# USMC gunfighting rules (should be everyone's)



## Vedel (Jun 29, 2007)

As it was forwarded to me....    :)



This stuff should be in a bible.

USMC Rules For Gunfighting

1. Bring a gun. Preferably, bring at least two guns. Bring all of your friends who have guns.
2. Anything worth shooting is worth shooting twice. Ammo is cheap. Life is expensive.
3. Only hits count. The only thing worse than a miss is a slow miss.
4. If your shooting stance is good, you're probably not moving fast enough nor using cover correctly.
5. Move away from your attacker. Distance is your friend. (Lateral and diagonal movement are preferred.)
6. If you can choose what to bring to a gunfight, bring a long gun and a friend with a long gun.
7. In ten years nobody will remember the details of caliber, stance, or tactics. They will only remember who lived.
8. If you are not shooting, you should be communicating, reloading, and running.
9. Accuracy is relative: most combat shooting standards will be more dependent on "pucker factor" than the inherent accuracy of the gun.
9.5. Use a gun that works EVERY TIME.
"All skill is in vain when the Angel pisses in the flintlock of your musket." (From what looks like a very old stained glass window in a German Officer's club.)
10. Someday someone may kill you with your own gun, but they should have to beat you to death with it because it is empty.
11. Always cheat; always win. The only unfair fight is the one you lose.
12. Have a plan.
13. Have a back-up plan, because the first one won't work.
14. Use cover or concealment as much as possible. The visible target should be in FRONT of your gun.
15. Flank your adversary when possible. Protect yours.
16. Don't drop your guard.
17. Always tactical load and threat scan 360 degrees.
18. Watch their hands. Hands kill. (In God we trust.

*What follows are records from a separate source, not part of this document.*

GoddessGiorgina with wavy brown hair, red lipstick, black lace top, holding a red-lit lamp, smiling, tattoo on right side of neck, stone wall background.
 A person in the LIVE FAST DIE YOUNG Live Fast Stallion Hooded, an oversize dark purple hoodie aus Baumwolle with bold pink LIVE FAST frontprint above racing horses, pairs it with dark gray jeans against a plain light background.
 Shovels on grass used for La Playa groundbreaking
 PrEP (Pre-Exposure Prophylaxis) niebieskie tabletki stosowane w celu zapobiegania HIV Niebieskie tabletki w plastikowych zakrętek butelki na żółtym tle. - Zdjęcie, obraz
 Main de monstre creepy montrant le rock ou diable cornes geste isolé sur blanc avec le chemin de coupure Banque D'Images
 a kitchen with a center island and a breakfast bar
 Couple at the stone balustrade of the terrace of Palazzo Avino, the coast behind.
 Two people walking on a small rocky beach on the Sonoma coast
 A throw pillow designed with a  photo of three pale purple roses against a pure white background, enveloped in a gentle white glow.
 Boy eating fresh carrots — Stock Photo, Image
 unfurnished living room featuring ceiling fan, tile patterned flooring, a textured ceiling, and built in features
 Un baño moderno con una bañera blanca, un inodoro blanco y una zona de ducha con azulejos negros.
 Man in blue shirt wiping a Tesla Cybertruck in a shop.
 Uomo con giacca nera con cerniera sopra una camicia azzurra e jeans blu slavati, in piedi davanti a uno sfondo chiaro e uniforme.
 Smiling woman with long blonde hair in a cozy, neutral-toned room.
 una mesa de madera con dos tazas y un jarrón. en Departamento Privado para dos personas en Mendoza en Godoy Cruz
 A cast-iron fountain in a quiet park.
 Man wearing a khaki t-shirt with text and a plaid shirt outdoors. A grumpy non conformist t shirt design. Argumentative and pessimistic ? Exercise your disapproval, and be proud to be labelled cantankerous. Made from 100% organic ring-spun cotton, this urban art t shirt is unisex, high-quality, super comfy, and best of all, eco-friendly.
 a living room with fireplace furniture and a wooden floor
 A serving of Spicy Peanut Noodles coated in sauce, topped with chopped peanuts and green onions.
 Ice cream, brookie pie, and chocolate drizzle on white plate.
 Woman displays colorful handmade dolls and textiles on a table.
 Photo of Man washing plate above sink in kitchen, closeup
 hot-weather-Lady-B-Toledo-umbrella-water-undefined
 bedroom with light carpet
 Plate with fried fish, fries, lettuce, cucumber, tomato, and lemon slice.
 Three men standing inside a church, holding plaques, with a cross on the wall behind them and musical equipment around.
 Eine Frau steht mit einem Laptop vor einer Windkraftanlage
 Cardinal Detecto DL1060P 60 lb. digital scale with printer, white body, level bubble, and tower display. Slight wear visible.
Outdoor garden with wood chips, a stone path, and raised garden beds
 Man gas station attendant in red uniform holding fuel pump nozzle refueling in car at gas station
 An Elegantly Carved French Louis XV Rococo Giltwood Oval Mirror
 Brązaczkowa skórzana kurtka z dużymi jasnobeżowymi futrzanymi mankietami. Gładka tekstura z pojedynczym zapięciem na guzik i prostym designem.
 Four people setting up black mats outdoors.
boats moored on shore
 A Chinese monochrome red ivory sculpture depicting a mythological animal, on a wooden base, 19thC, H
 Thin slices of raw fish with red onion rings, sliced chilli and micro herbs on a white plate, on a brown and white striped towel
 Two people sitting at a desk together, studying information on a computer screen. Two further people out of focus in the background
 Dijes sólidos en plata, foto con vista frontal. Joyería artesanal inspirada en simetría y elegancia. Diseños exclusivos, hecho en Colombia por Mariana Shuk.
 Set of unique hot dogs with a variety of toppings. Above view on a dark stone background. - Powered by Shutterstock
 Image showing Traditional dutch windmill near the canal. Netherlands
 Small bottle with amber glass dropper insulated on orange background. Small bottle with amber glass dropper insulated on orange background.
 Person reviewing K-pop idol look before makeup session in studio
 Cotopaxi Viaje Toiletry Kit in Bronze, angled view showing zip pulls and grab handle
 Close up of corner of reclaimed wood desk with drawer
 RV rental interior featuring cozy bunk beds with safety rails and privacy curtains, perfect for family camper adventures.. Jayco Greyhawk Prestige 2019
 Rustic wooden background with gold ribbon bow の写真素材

Everyone else, keep your hands where I can see them).
19. Decide to be aggressive ENOUGH, quickly ENOUGH.
20. The faster you finish the fight, the less shot you will get.
21. Be polite. Be professional. But have a plan to kill everyone you meet.
22. Be courteous to everyone, friendly to no one.
23. Your number one Option for Personal Security is a lifelong commitment to avoidance, deterrence, and de-escalation.
24. Do not attend a gunfight with a handgun, the caliber of which does not start with at least a "4."
24a. A .40/10mm is just a medium bore with a better publicity agent than a 9mm. Use a .44 or .45 and Vaseline your hollowpoints

Navy Rules to Gunfighting

1. Adopt an aggressive offshore posture

2. Send in the Marines

3. Drink Coffee


----------



## Ravage (Jun 29, 2007)

What about the SEALs ? :)


----------



## MARK KING (Jul 19, 2008)

YES, IT SHOULD BE IN THE BIBLE.
RULE 21 IS MY FAVORITE.


----------



## Cecil (Sep 30, 2008)

agreed.... #21 is golden.


----------



## 7point62 (Nov 17, 2008)

Ravage said:


> What about the SEALs ? :)




1. Put on shades.

2. Look in mirror.

3. Flex muscles in mirror.

4. Kill all the bad guys.

5. Check hair.


----------



## buffalo61 (Nov 17, 2008)

7point62 said:


> 1. Put on shades.
> 
> 2. Look in mirror.
> 
> ...



Kinda like the three rules for Recon.

1. Look cool.

2. Don't get lost.

3. If you get lost, look cool. :cool:


----------



## Cecil (Nov 19, 2008)

buffalo61 said:


> Kinda like the three rules for Recon.
> 
> 1. Look cool.
> 
> ...



funny


----------



## JohnnyBoyUSMC (Mar 7, 2009)

lol, like 24, never trust any handgun round that does not start with a 4. ever.


----------



## AssadUSMC (Mar 8, 2009)

buffalo61 said:


> Kinda like the three rules for Recon.
> 
> 1. Look cool.
> 
> ...



That's classic...  My first time out "playing" recon, the Gunny in charge goes through his checklist:

"Oakleys.  Check.  Dip.  Check..."

LMAO


----------



## arizonaguide (Mar 8, 2009)

*On Deployment...*

Marines: "Damn I do love how it sucks here..."
Army: "Man, it sucks here..."
Navy: "Man, it looks like it sure sucks over there, onshore"
AirForce: "What, no cable TV here?...that _sucks_!!!"
:)


----------



## AssadUSMC (Mar 8, 2009)

arizonaguide said:


> Marines: "Damn I do love how it sucks here..."
> Army: "Man, it sucks here..."
> Navy: "Man, it looks like it sure sucks over there, onshore"
> AirForce: "What, no cable TV here?...that _sucks_!!!"
> :)



You forgot the Rangers:  "Man, I wish it sucked more..."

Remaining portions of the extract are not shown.